The Buddha’s teaching is the core of finding clarity — that through our attention and practice, we can transform our mistaken beliefs. We can find skillful and effective ways to work with our desires and aversions.
How? For this, let’s turn to our third expert.
Alice in Wonderland: Curiosity Expert
In Lewis Carroll’s novel Alice in Wonderland, at a critical point in her journey, Alice is surprised and amazed at how quickly and continuously she and her surroundings change. At one point, she stops and looks around at how different things have become and blurts out: “Curiouser and curiouser!”
Curiosity is the starting point for finding clarity and for putting compassionate accountability into practice.
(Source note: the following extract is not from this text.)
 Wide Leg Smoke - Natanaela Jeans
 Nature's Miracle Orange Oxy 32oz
Alice goes on to ask herself: “Who am I?”
Then she answers her own question: “Ah, that’s the great puzzle.”
Alice’s curiosity is not only aimed at the external world and events but shines the light of curiosity inward, right to the heart of the matter of self and personal identity. This is exactly what the Buddha did: turned his gaze inward.
Curiosity: The Unconventional Source of Creative Solutions
If Homer represents the universal problem of expressing the anxiety and frustration of being human, and Buddha represents the solution, Alice names the method for achieving it: curiosity. This is the unconventional source of creative solutions to our most pressing problems. And the practice that these three figures represent together is summarized by this chapter’s title: Be curious, not furious.
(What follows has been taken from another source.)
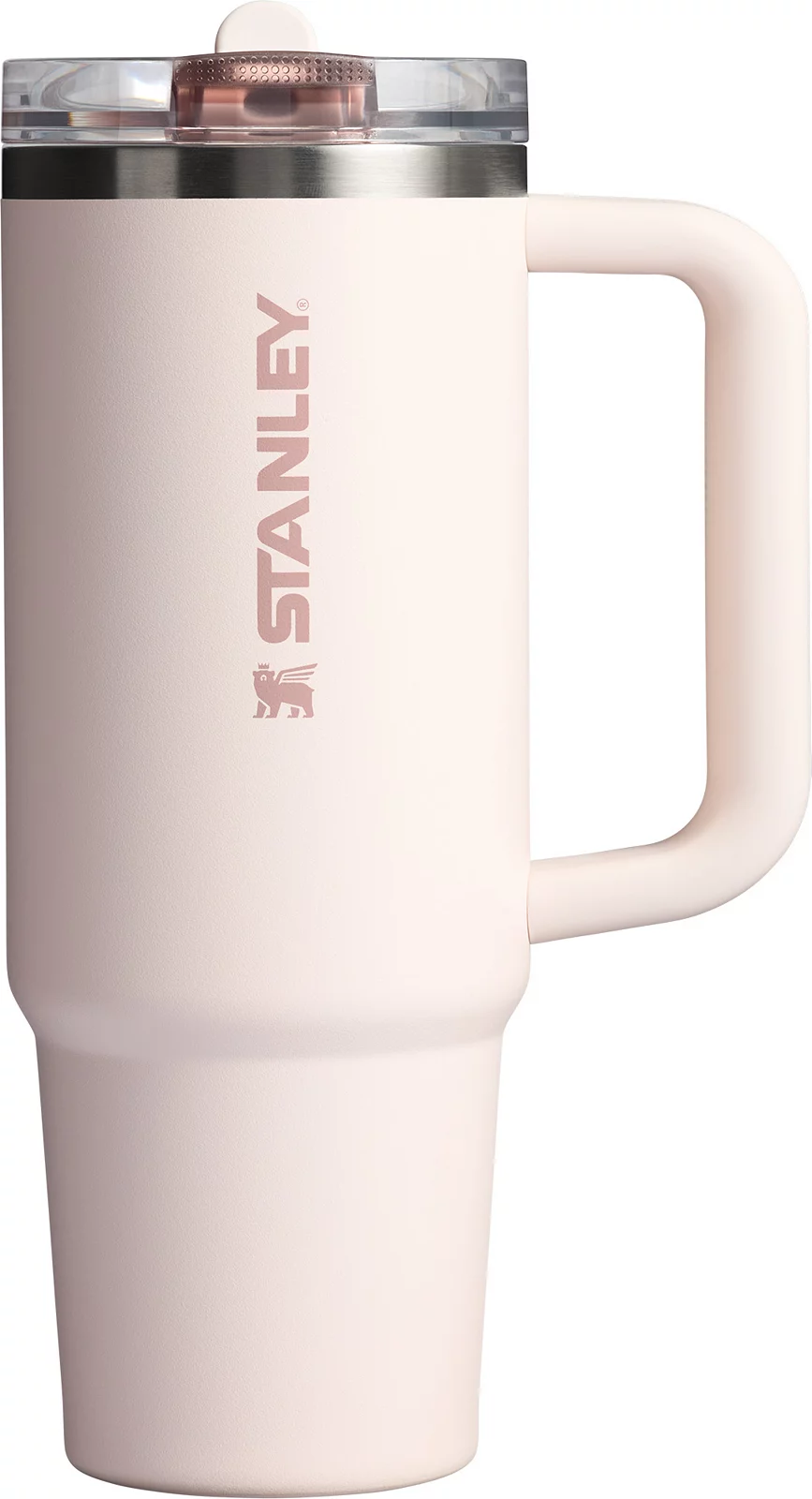 Stanley 30 oz. Quencher ProTour Flip Straw Tumbler - Rose Quartz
When things go wrong, don’t be shocked or get mad; accept that this will happen and be inquisitive. You and the world are not what they seem. Being furious cuts us off from being open, from exploring, and from learning and growing. Curiosity is the essential practice.
Adapted from the book Finding Clarity.
Copyright ©2023 by Marc Lesser.
Reprinted with permission from New World Library.
Article Source:
Finding Clarity: How Compassionate Accountability Builds Vibrant Relationships, Thriving Workplaces, and Meaningful Lives
by Marc Lesser.
For Marc Lesser the key to healthy relationships and effective workplaces is compassionate accountability — a practical and trainable way to clarify and achieve shared visions of success. Numerous examples include:
• facing rather than avoiding conflict for the long-term benefit of all.
• working with and through difficult emotions with clarity, care, and connection.
• understanding the stories we live by and evaluating whether they’re serving us well.
• learning to listen and lead in ways that align with our mission and values.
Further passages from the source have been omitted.